We all should do more than mere lip service to this ability of the Yiddishe mothers. Throughout the Torah we find this theme, wherein the women are hugely spiritual and understanding of things that men often have to struggle with before acknowledging. In the haftara this comes forth with even more clarity. Here we meet a rarity, a woman prophetess and judge, a military leader, and a mother in Israel. Her name is Devora, a name we have seen before in our Torah, one that explains a lot about how this woman could do what she was called upon to do. She was very likely named after the Torah’s first Devora, a woman no less a heroine given her times and responsibilities.

That earlier Devora is almost invisible, yet she has enormous input into who we are today. In parshas Chayei Sara the Torah tells us how our mother Rivka left home to marry Yitzchak: “And they sent Rivka their sister and her nurse.” Interesting, Rivka goes to her wedding accompanied by her nanny. Why did the soon to be married Rivka need her nursemaid? Seems a bit strange, but so it was, and the Torah found it so vital that it mentions this small fact for all time.

Decades later in the parasha of Vayishlach it says, “And Devora, Rivka’s nurse, died, and she was buried at the foot of Beis El under an oak tree; and he [Yaakov] called its name Alon Bachus, The Tree of Weeping.” Let’s recap: Devora was the nanny of Rivka.

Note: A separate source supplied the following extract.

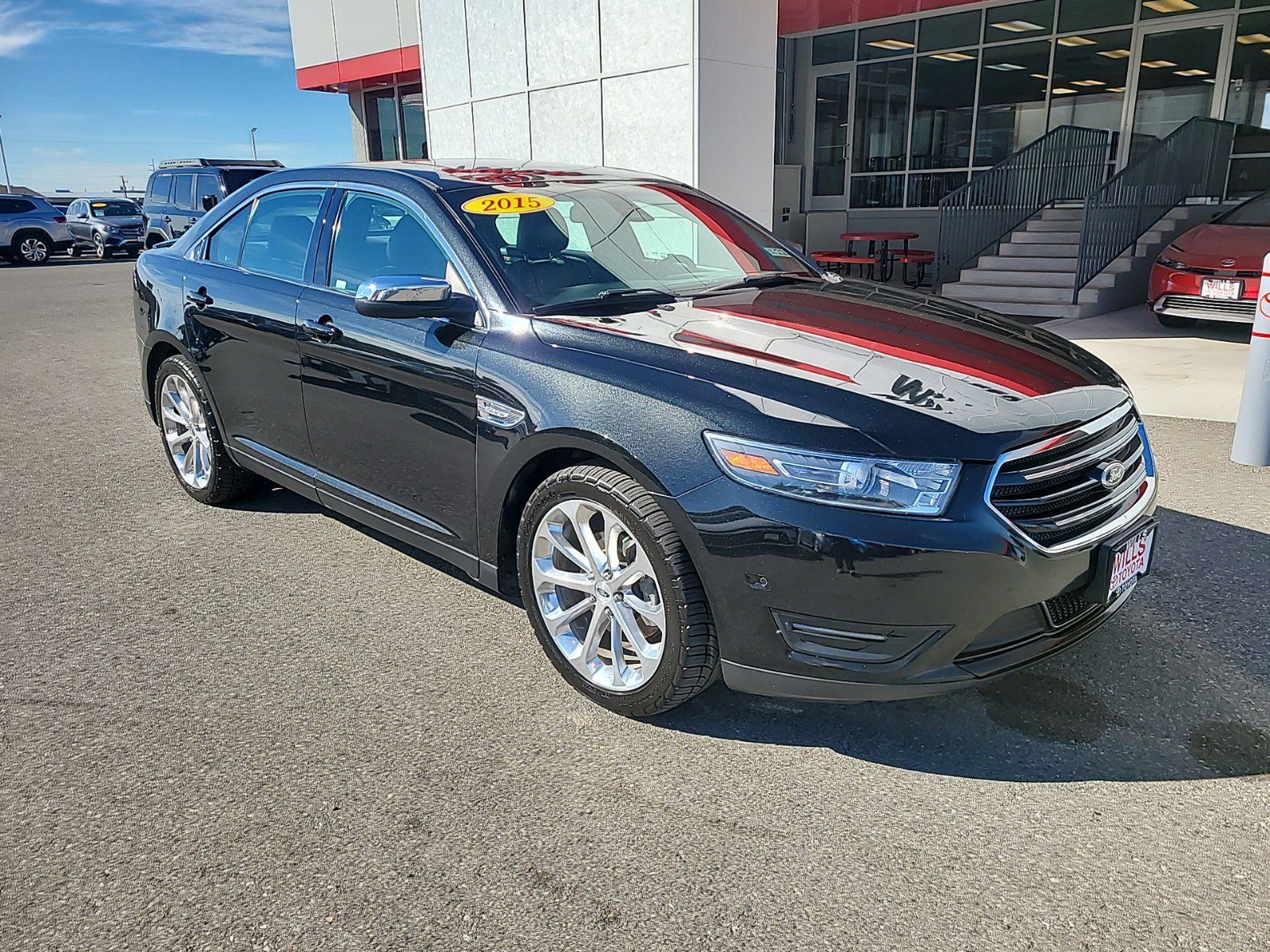 2015 - Ford - Taurus - $9,697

When Rivka married Yitzchak, Devora for some reason came along with her. Many years later, we find her not in the house of Yitzchak (who was still alive) but instead she is travelling with Yaakov, the son of Yitzchak and Rivka.

Rav Yisrael Miller in his sefer, “What’s Wrong With Being Human,” explains this difficulty with a sweet insight. He brings a Ramban that explains that Devora had come with Rivka from her home in Iraq to Eretz Yisrael, but she later returned to Iraq to the house of Lavan. Why? The Torah does not explicitly say. However now whilst  Yaakov is returning  to Eretz Yisrael, the elderly nurse, Devora, is with him when she is nifta on the way. We understand that the household was saddened. But the Torah tells us that Yaakov called her burial place “The Tree of Weeping,” which indicates that everyone wept for her, an honor not mentioned over the deaths of Avraham, Sara, Yitzchak or Rivka.

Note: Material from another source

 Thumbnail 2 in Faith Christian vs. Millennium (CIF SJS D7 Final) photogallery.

Rav Miller explains that Avraham wanted his son to marry a girl who was idealistic and worthy of carrying on the holy task that Avraham and Sara started. Rivka was only a young girl, so from whence did she learn such dedication? Her father was a non-believer, and her brother Lavan was a world’s class “no good-nick.” The answer is, Devora, the nanny.  It was from her that the future mother of the Jewish nation learned about Hashem and His truth. This is why the Torah mentions her accompanying Rivka. And when years pass, and Yitzchak and Rivka sent their son Yaakov to seek a wife from the house of none other than Lavan, who is it that is there to help raise the next generation of Yidden? Devora, the Rebbe who goes under the simple guise of a nanny. Rivka had known that the custom of the family was to take a wife from this family, so she sent her Devora, to make certain that Rachel and Laya would be raised in the proper fashion. When her mission was accomplished, with Devora accompanying Rachel, Laya and Yaakov and their children back home to Eretz Yisrael, she passed away, and all wept for this Rebbe of our Matriarchs.

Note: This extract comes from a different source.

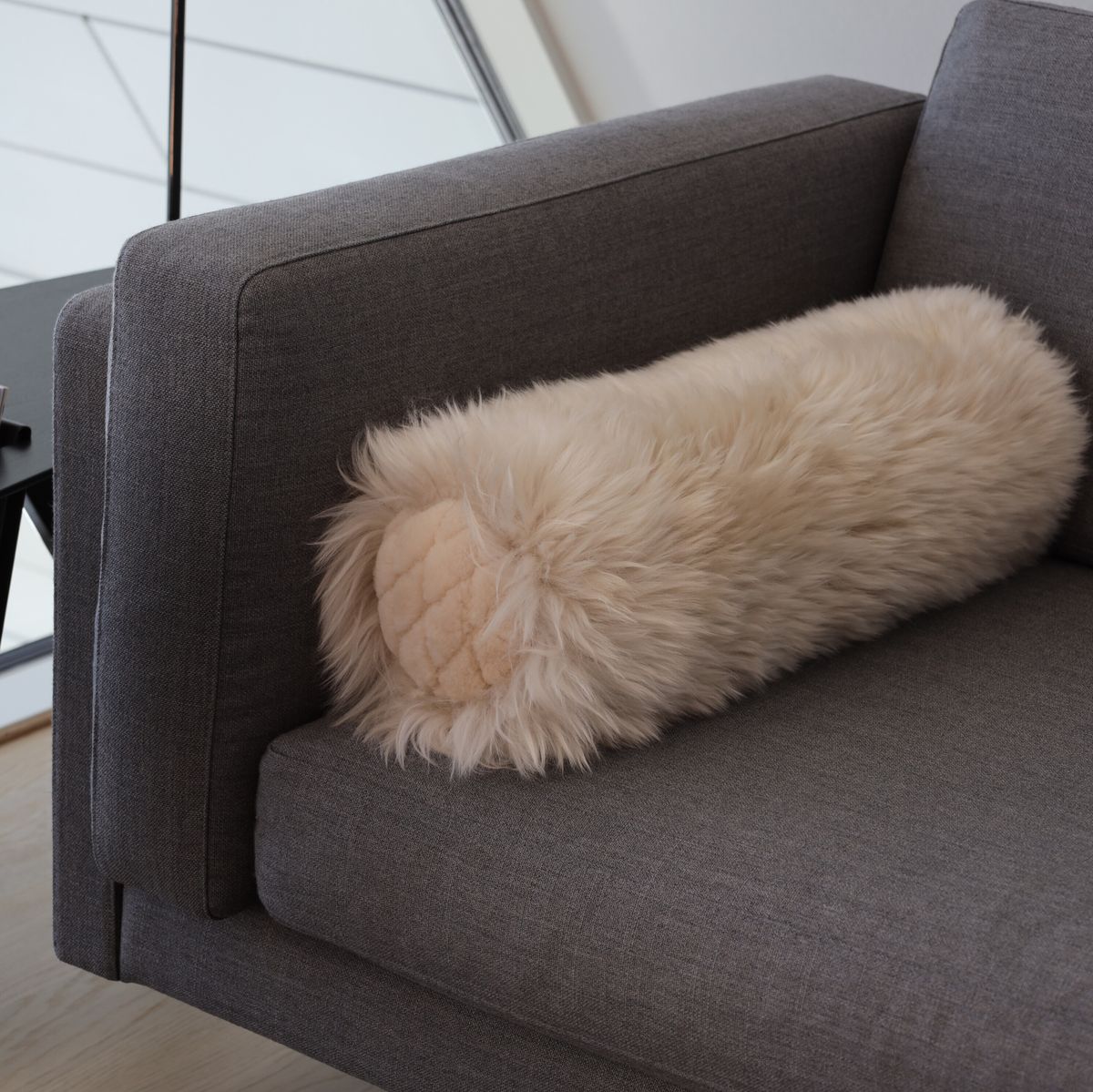 Bolster Cushion | Ø52 cm | Long Wool Ivory/White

This is the Devora who inspired the naming of the Prophetess, Devora, and it is this uniqueness of spirit that made everything that followed possible.  The Devora of our haftara leads an army, sees to the vanquishing of our harshest of enemies, yet when her song comes to be sung she says, “I arose as a mother in Israel.” This powerful leader of men, this valiant fighter, tells us, “I am a Yiddishe Mamma!” Miriam was a midwife; the first Devora was a nanny. Gevald, such simplicity, such enormous spirit.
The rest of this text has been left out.